Readers can travel through book discussions Vermillion area readers can learn about life in Northern Europe by participating in the South Dakota Humanities Council Reading Series at the Vermillion Public Library.
The first discussion takes place on Sunday, Feb. 11, with second and third meetings on Feb. 25 and March 18.
Jamie Sullivan from Mount Marty College will lead the sessions. The discussions will cover Kristen Lavransdatter: The Wreath by Sigrid Undset and a collection of short stories and novella called Anecdotes of Destiny and Ehrengard by Isak Dinesen.
Interested readers can sign up for the discussions at the Vermillion Public Library, 18 Church Street. The sessions are free, but participants may purchase the books and study guide for $10.

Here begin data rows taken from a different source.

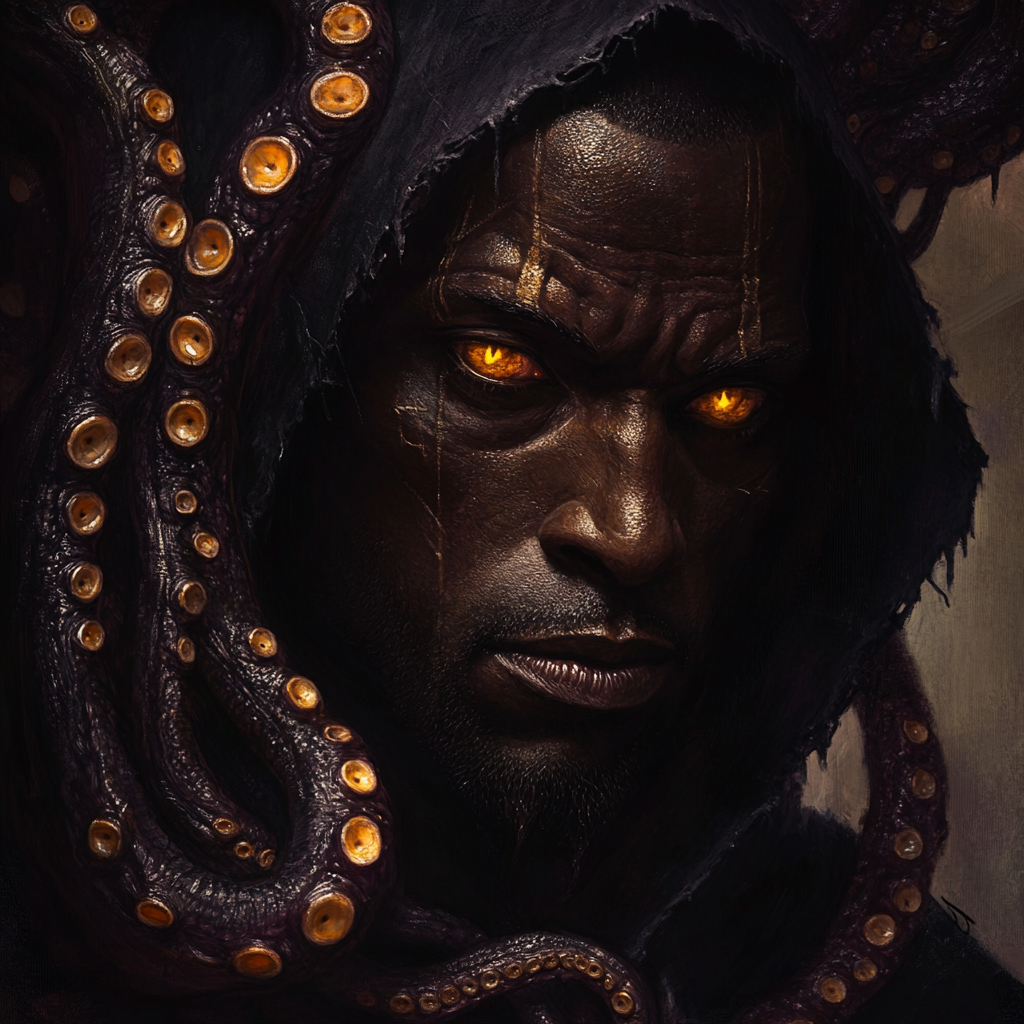 A Scary Portrait of Black Pharaoh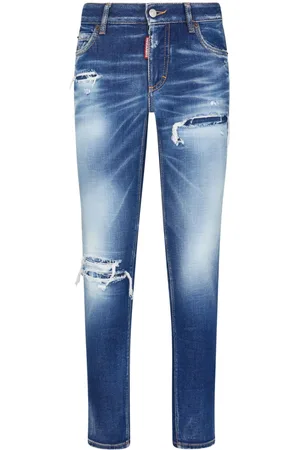 Dsquared2 Jeans slim con effetto vissuto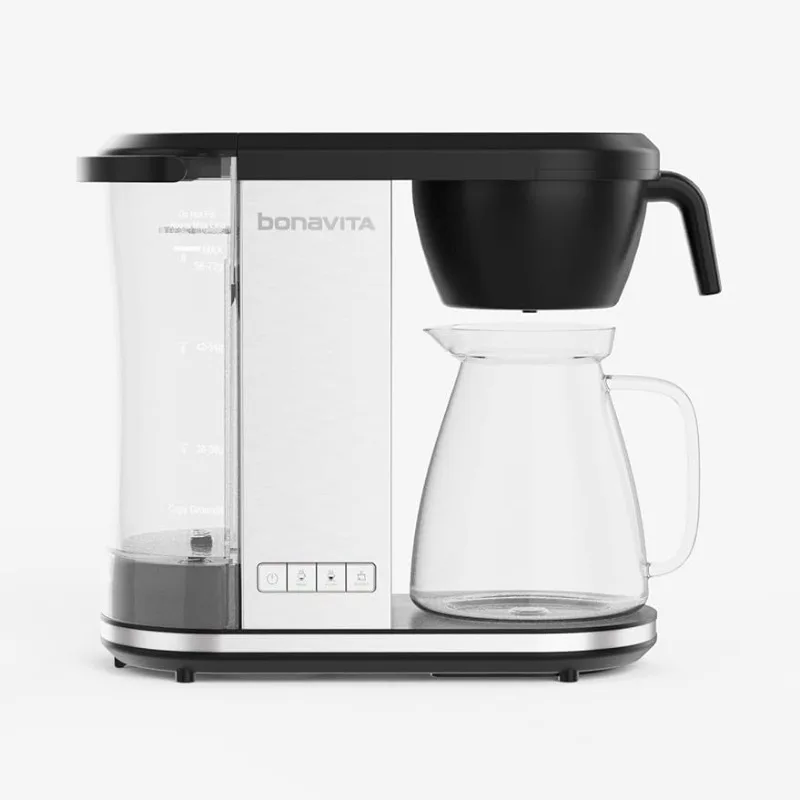 Bonavita Enthusiast 8-Cup Drip Coffee Maker, One-Touch Pour Over Brewer with Glass Carafe, SCA Certified, 1500 Watt, BPA Free
Bonavita Enthusiast 8-Cup Drip Coffee Maker, One-Touch Pour Over Brewer with Glass Carafe, SCA Certified, 1500 Watt, BPA Free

Kristen Lavransdatter: The Wreath is set in 14th century Norway to describe the courtship between a headstrong young woman and a dangerously charming man. The novel was first published after WWI when political and religious anxieties revealed in the story were very much part of contemporary life. In fact, the story is so universal, that some have even claimed it as the most widely read novel.
Undset's characters mirror her own struggle for religious identity with a world that seems to value self-gratification which may speak to today's readers.
The second book, Anecdotes of Destiny and Ehrengard, is a collection of short stories and a novella written by a Danish author who used pseudonyms to disguise her gender. As a storyteller who influenced such American writers as Truman Campote and Carson McCullers, Dinesen drew inspiration for her tales from the Bible, the Arabian Nights and the works of Homer.
Among her most famous short stories in the collection is "Babette's Feast," the tale of a mysterious Frenchwoman who seeks refuge with spinster daughters of a stern, Danish minister. Babette prepares a sumptuous feast for a deeply religious sect thereby introducing them to the true essence of grace.
The novella Ehrengard, tells the tale of an artist's seduction of a beautiful young girl in an Arabian Nights-like fashion.
The study guide that accompanies the books was written by Carol Leibiger, a German professor living in Vermillion, who studied Dinesen in Denmark and carefully researched Undset to give a valuable perspective to this part of "Knowing the World Through Reading" discussions.
The program is sponsored by the South Dakota Humanities Council and the Vermillion Public Library.